The biggest problem with renewable energy is intermittency – to generate solar power you need the sun to shine; to generate wind power you need the wind to blow. You can easily estimate how much power will be generated on average per month or per year, but that is not much help when you need to supply power to consumers and meet their changing needs on a minute by minute basis. In order to minimise our dependence on fossil fuels, we need to better predict both renewable power generation and consumer power use with the goal of using more renewable energy with fewer resources.
Articles such as How Big Data Changes the Economics of Renewable Energy from the Wall Street Journal explain how big data analytics (already depended on by the oil industry) is now being used in the renewable energy sector to integrate more clean sources of power into the mix.
Big Data Analytics Tokyo
In February 2017, REUK attended the Big Data Analytics Tokyo conference. Focused primarily on big data analytics and data science for the business world, the presentations looked at the new data-driven reality disrupting all markets including of course the renewable energy sector.

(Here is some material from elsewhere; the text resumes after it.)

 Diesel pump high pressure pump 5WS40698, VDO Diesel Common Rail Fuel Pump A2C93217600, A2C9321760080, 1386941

The two day conference was held at Roppongi AcademyHills on the 49th floor of Tokyo Mori Tower – at 238m tall and with 54 floors, the 6th tallest building in Tokyo offering incredible panoramic views of Tokyo and Mount Fuji.

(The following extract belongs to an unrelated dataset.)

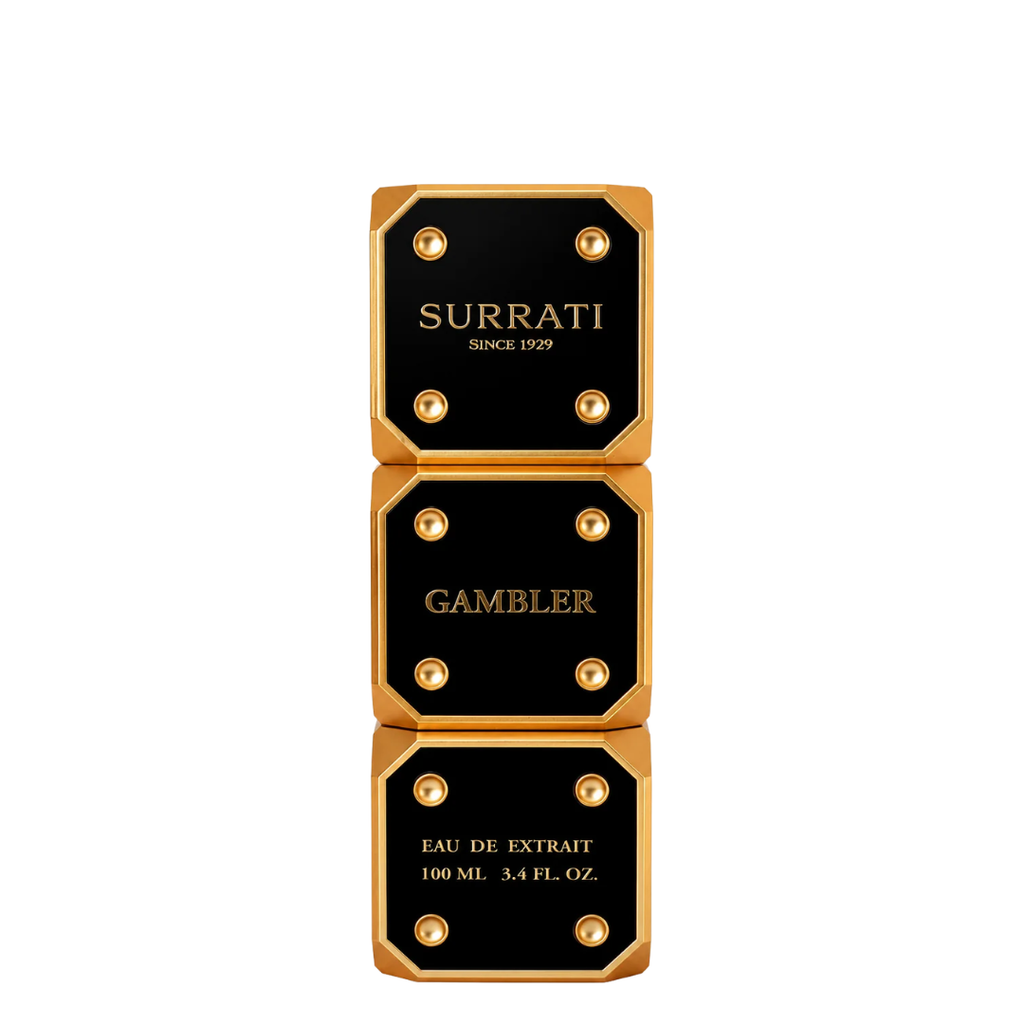 Surrati: Gambler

The conference was attended by a pretty much even 50/50 split of data analytics practitioners, machine learning experts, and students and of business people looking at how data analytics and artificial intelligence (AI) can help (or will force change) to their existing businesses in the future.
The keynote and other speakers covered big data analytics, predictive analytics, data visualisation, machine learning, and AI, but all were focused on real world practical applications of these technologies making this a useful conference for beginners and experts alike. They also covered entrepreneurship with a slant toward the Japanese market and of course with regards to data analytics.
On the evening of the first day, a networking reception was hosted by AI Business which gave the opportunity to meet and talk to most of the speakers from the conference as well as the other attendees. There was a fascinating mix of people from a wide range of different disciplines including renewable energy, home automation, and remote sensor monitoring, all related closely to the work of REUK.co.uk. The speakers from the conference were very accessible and open to answering questions whether relating to their talks or just about the field in which they worked.
Overall the conference was very well organised with an eclectic mix of excellent and well informed speakers.
Above we have the link to the slides from all speakers at the conference. However, for anyone interested in applying data analytics to their business, or on pursuing a career in data analytics and related fields, here are a few titbits of the recurring themes covered by the conference speakers.
- 80% of the work is data pre-processing – i.e. just getting clean data which is ready to be analysed. Preparing the data is often the hardest problem, and it is difficult to automate. (see Paxata for data prep tools).
- Black box predictive and analytical solutions are no longer wanted (think of the 2008 financial crisis). People need to know what is happening with their data, and therefore what they want is a tool box.
- All businesses can benefit from data science and the time to implement these technologies is now to get a competitive advantage or even just to keep up or avoid being overtaken.
- Businesses run on information not data. However…
- Insights from data (information) are not actually very helpful. What you need is to know what to do today to get the results you want tomorrow – change the way you do business with prescriptive analytics – e.g. working out which customers to call and how small of a discount to offer them to prevent them from leaving to a competitor. (RapidMiner.com)
- If you are interested in this field, learn and use R, Python, and Scala. Python is the most used – playing around with Python on a Raspberry Pi making IoT devices and collecting and processing data from simple sensors is a good start.
- With current technology you only fully automate a process/situation which a human can grasp in under 1 second.
- Internet of Things (IoT) devices are currently and will continue to be the biggest growth area in internet connected devices for the foreseeable future.